Universities must tackle dangers of initiation ceremonies – UUK
In a new briefing from Universities UK, Prof Chris Day says universities are "well-placed" to tackle unhealthy drinking culture
Universities have been warned about the need to tackle the dangers of initiation ceremonies.
New guidance has been published by Universities UK (UUK) following the death of a first-year undergraduate at Newcastle University in 2016.
Ed Farmer died as a result of excessive drinking at a university agricultural society initiation. The coroner, Karen Dilks, called on universities to implement better inductions on the dangers of such behaviour.
The new UUK briefing was written in collaboration with Newcastle University and begins with a letter from Ed’s parents, Jeremy and Helen Farmer.
In a statement following the release of the briefing, Jeremy Farmer said: “As a family we appreciate the difficulties in stopping these needless deaths but would like to thank all those involved within the university sector who are working hard to try and reduce the risks of something similar happening again, without impacting on the social lives of students.”
The challenge is to ensure that we do not seek to control student behaviour while at the same time, making it clear to students that universities are communities
– Prof Chris Day, Newcastle University
Prof Chris Day, chair of the report and vice-chancellor and president of Newcastle University, said the sector faces a challenge in tackling initiations ceremonies.

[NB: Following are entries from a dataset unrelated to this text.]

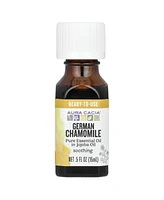 Aura Cacia Pure Essential Oil in Jojoba Oil German Chamomile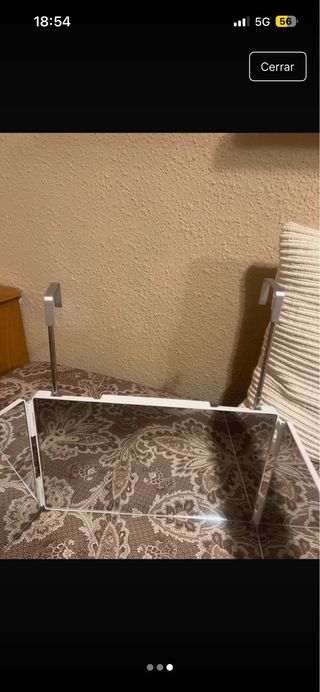 Espejo de baño moderno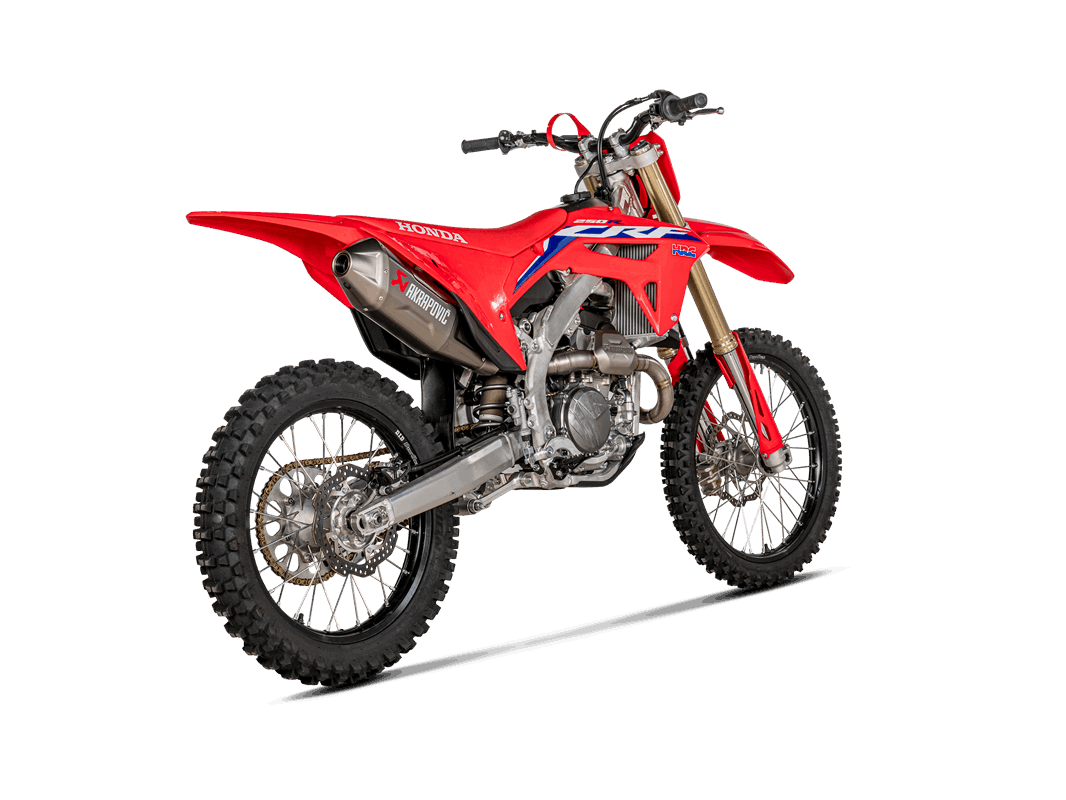 Evolution Offroad Exhaust System For Honda CRF250R/RX 22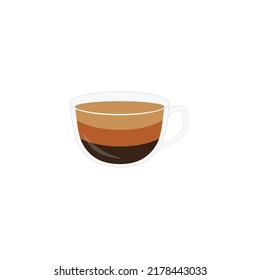 coffee cup,fresh coffee cup vector illustration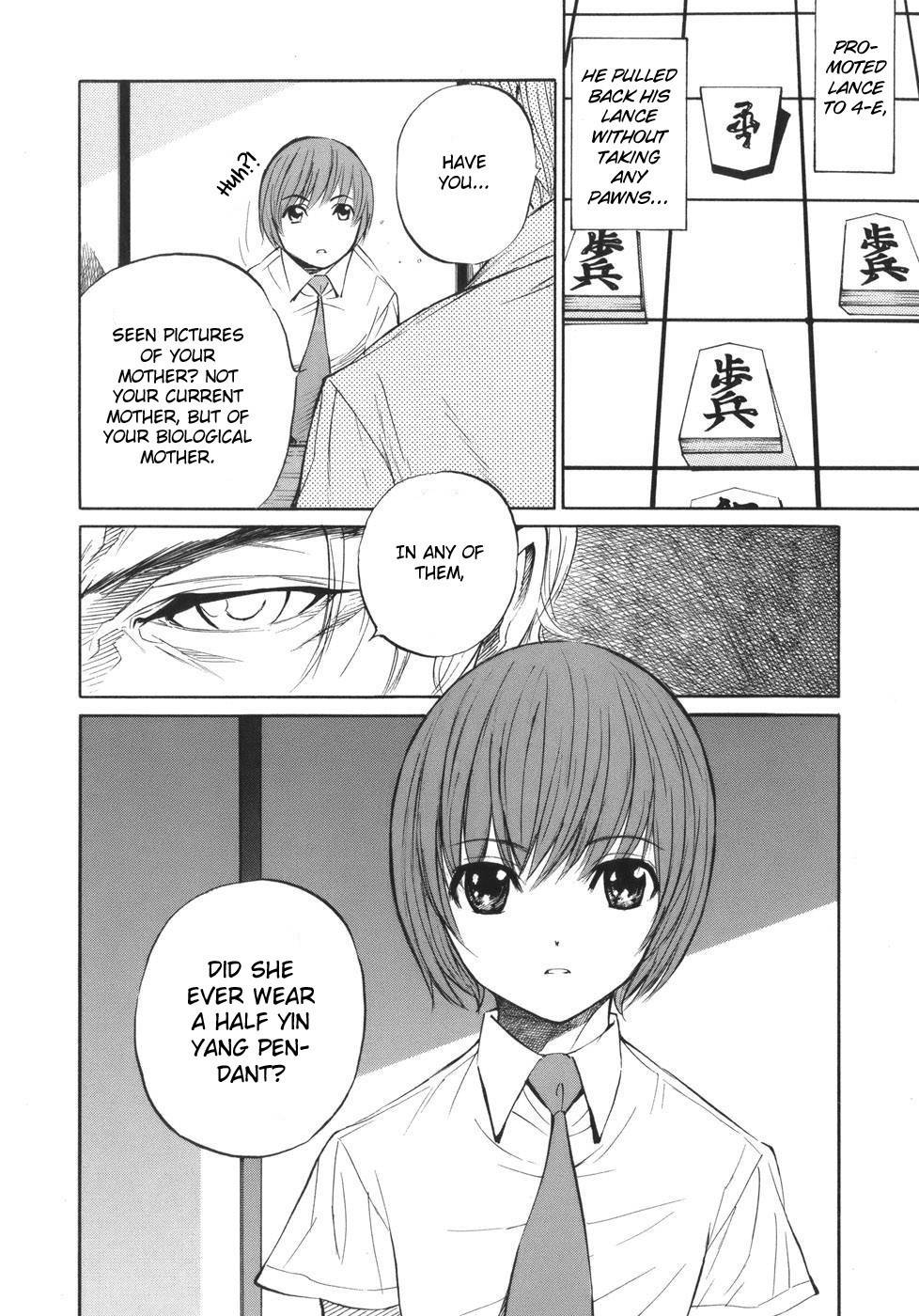 Shion no Ou Chapter 45 page 24 - Chapter 45: A Moment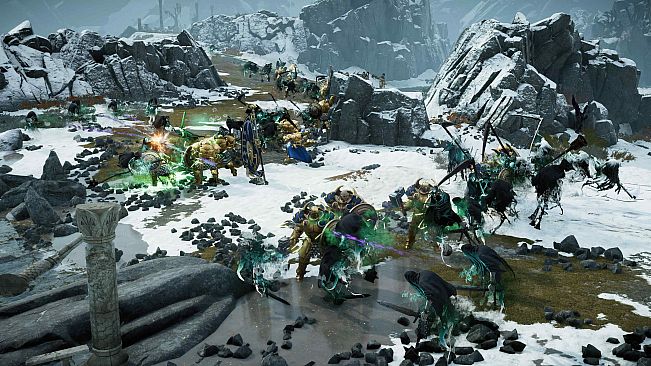 Warhammer Age of Sigmar: Realms of Ruin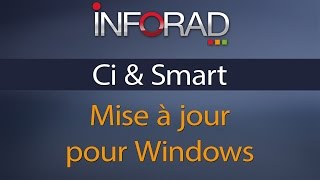 Mise à jour Ci amp Smart pour Windows [upl. by Imehon]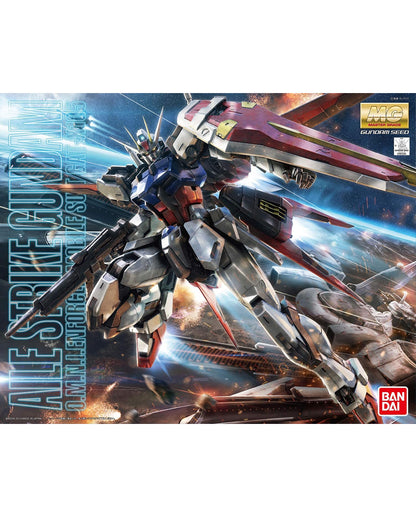 MG Gundam Aile Strike Ver RM GAT-X105 1/100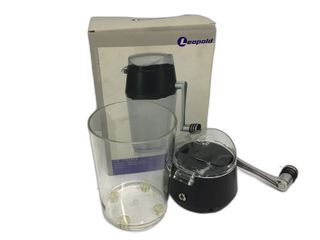 otros cocina leopold picadora hielo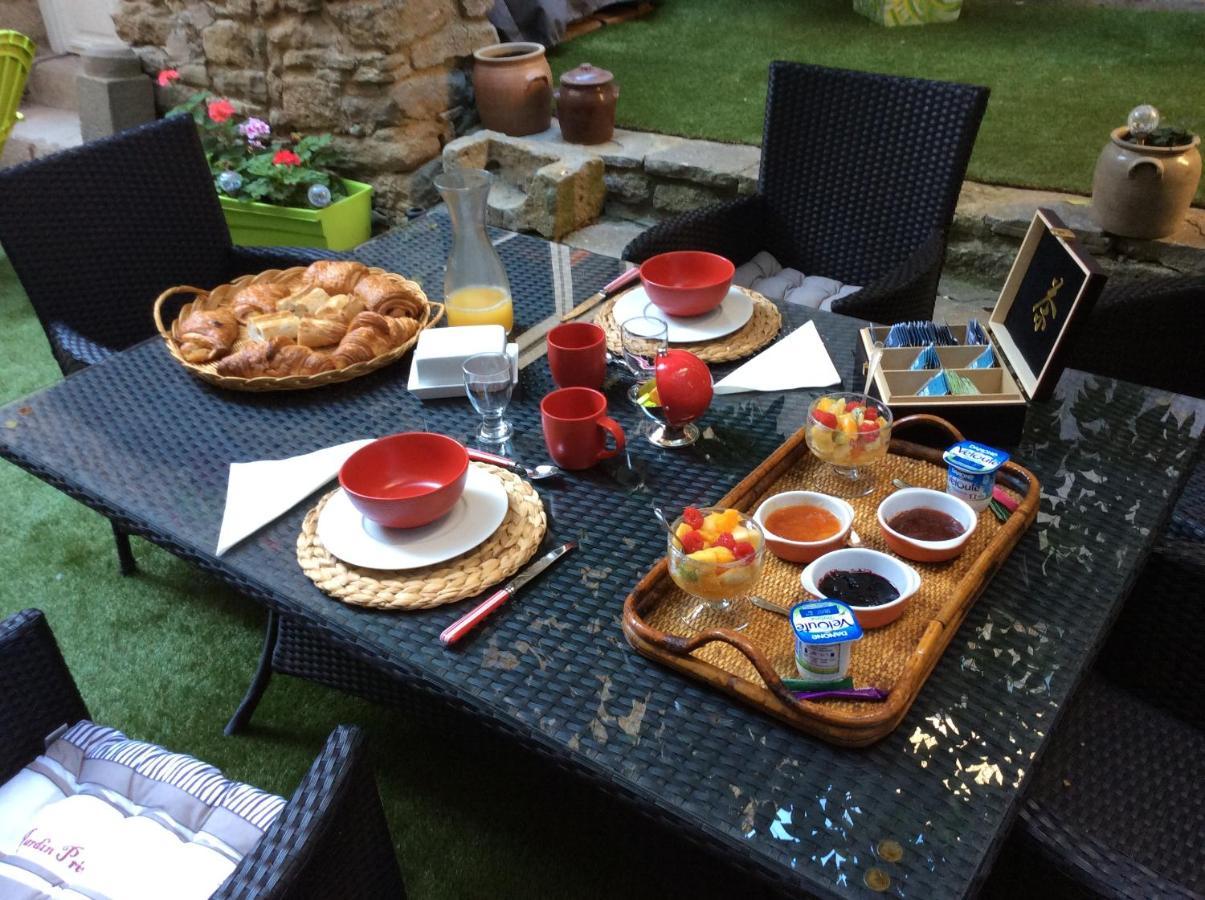 Casa Vasaluta Bed & Breakfast Laure-Minervois ภายนอก รูปภาพ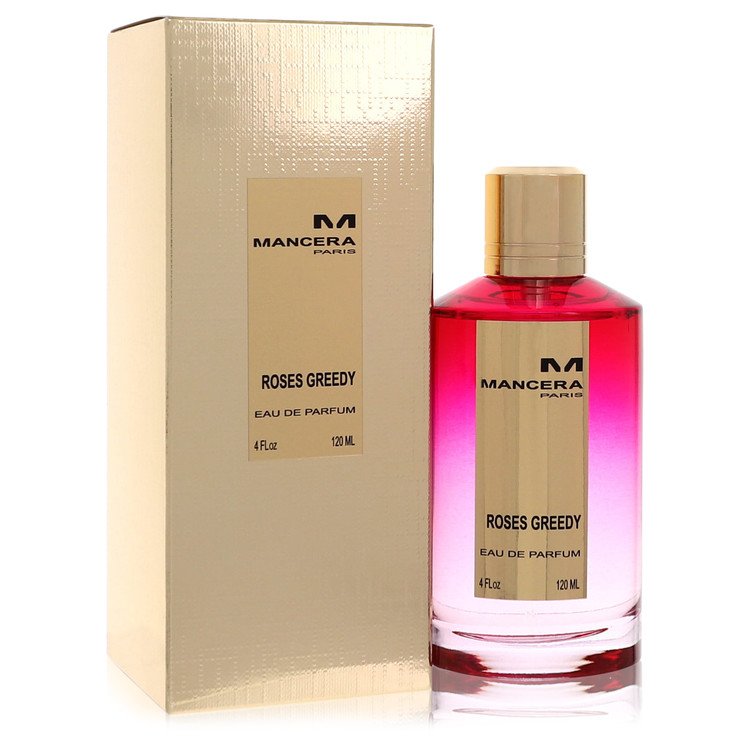 Mancera Mancera Roses Greedy 4 oz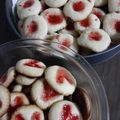 El cooksnap de Angélica🌞 cuando hizo Galletas fáciles y rápidas con mermelada de membrillo.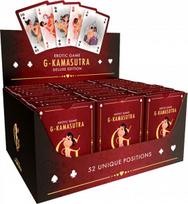 Kortų žaidimas Mad Party Games Kamasutra DeLuxe Cards, 24 dalių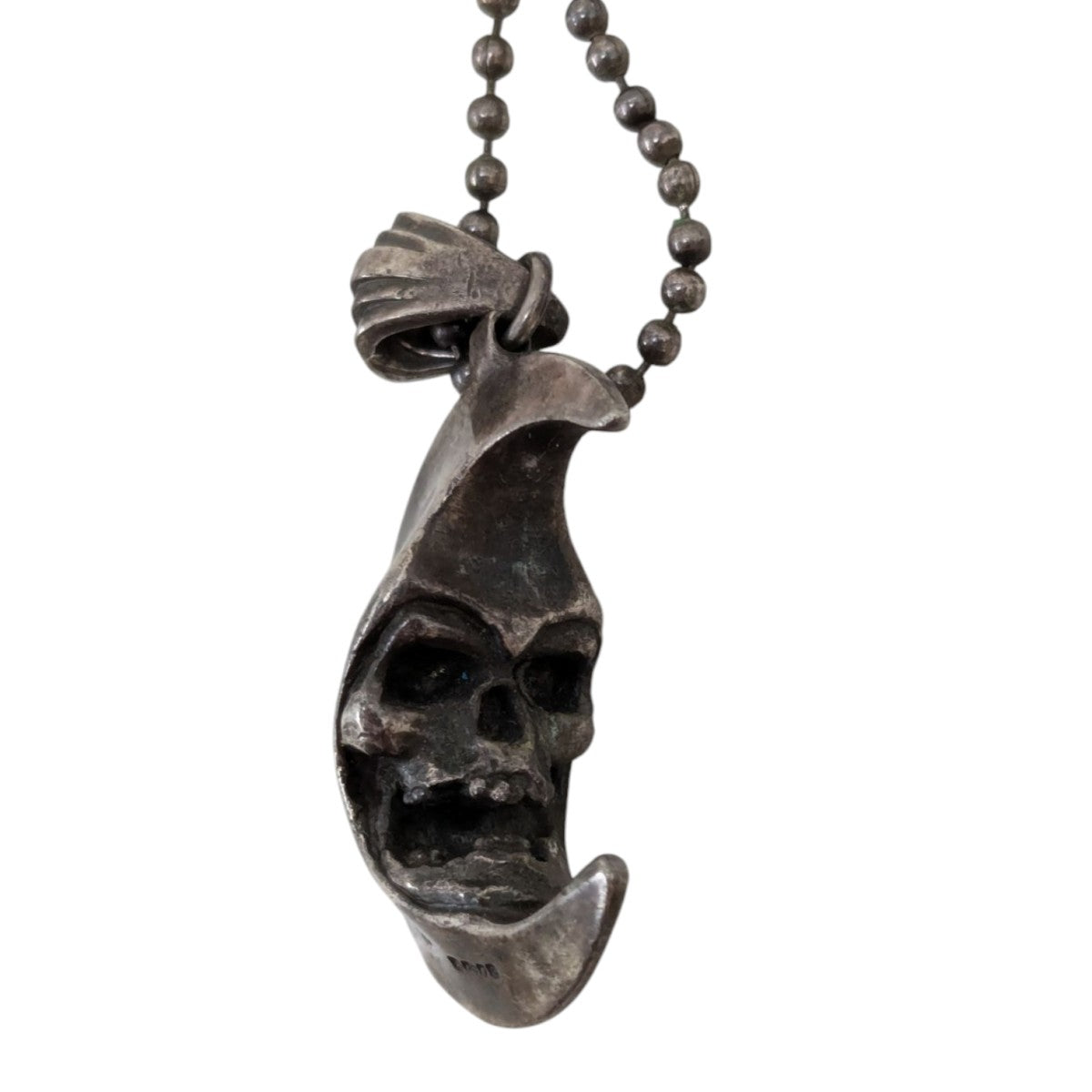 CRAZYPIG(クレイジーピッグデザイン) SKULL IN THE MOONスカル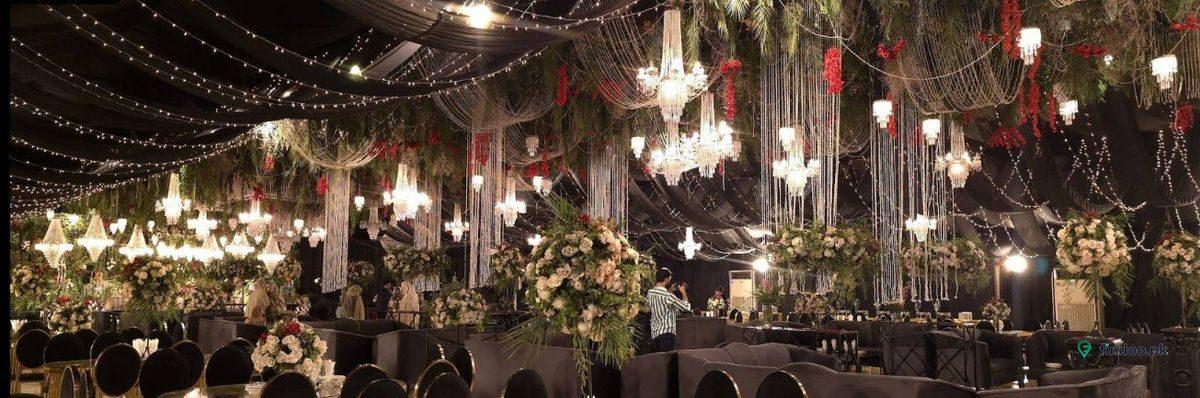 Saphire Marquee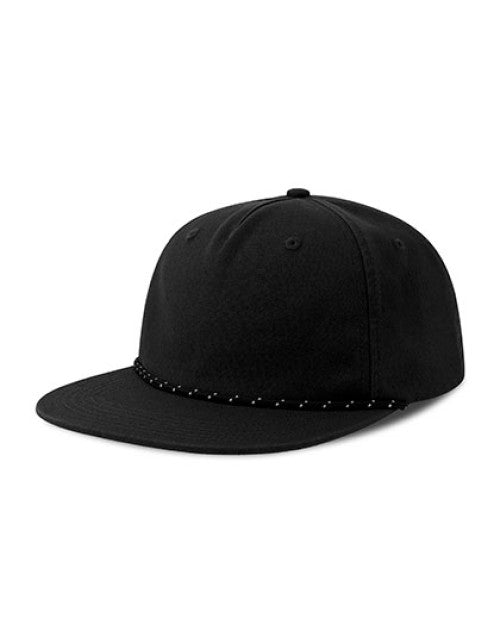 Atlantis Headwear - Chao Cap - Black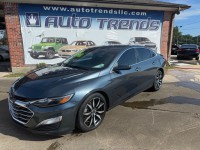 Image for 2020 Chevrolet Malibu RS ID: 6628338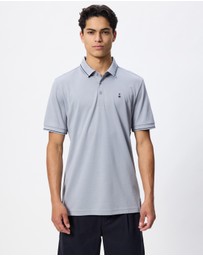 TravisMathew - Happier Hour Golf Polo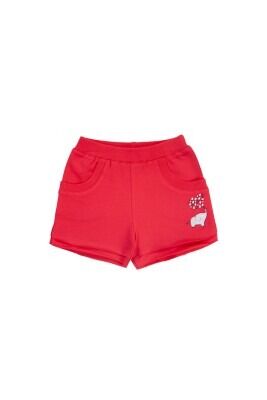 Wholesale Girls Shorts 1-4Y Lovetti 1032-7864 - Lovetti (1)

“The challenge is to ensure that we do not seek to control student behaviour while at the same time, making it clear to students that universities are communities in which certain standards and expectations must be upheld to ensure that the experience for students is a safe and inclusive one for all,” Prof Day wrote.
The briefing calls on all universities to adhere to new guidelines which include:
- Adopt a clear definition of what constitutes an initiation and prohibited behaviour
- Work to prevent initiations as part of harassment and wellbeing strategies
- Update policies and improve reporting
- Discipline and sanction students who break policies – but avoid a ‘zero tolerance approach’
- Raise awareness among staff and students and improve training
- Work with local council and licensees to improve cultural of surrounding campus
Day says the number of initiations that result in death or serious harm is low, but added: “It may not be only physical harms that occur during these activities, and it is important that the psychological impact is equally recognised.”